**EXERCISE INSTRUCTIONS**
Begin with the first line of the material and write out each line exactly, ending with the line that contains "Sumitomo 스미토모 인버터". Pictures are not part of the copy.

**MATERIAL PROVIDED**
>>>

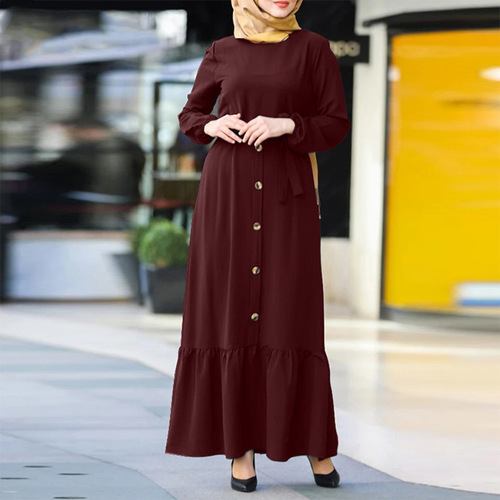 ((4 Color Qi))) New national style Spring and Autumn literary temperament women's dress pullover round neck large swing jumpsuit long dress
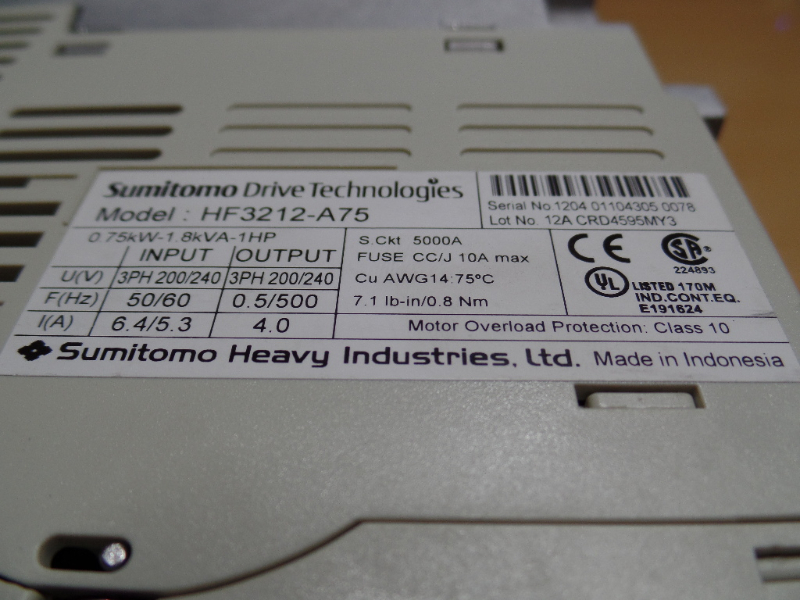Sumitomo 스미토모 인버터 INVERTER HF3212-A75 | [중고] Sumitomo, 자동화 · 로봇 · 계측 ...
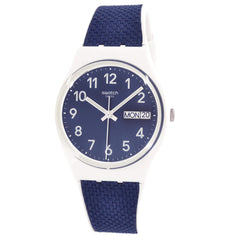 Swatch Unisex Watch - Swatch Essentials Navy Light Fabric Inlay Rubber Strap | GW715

<<<

**ANSWER BOX**
 ((4 Color Qi))) New national style Spring and Autumn literary temperament women's dress pullover round neck large swing jumpsuit long dress
Sumitomo 스미토모 인버터 INVERTER HF3212-A75 | [중고] Sumitomo, 자동화 · 로봇 · 계측 ...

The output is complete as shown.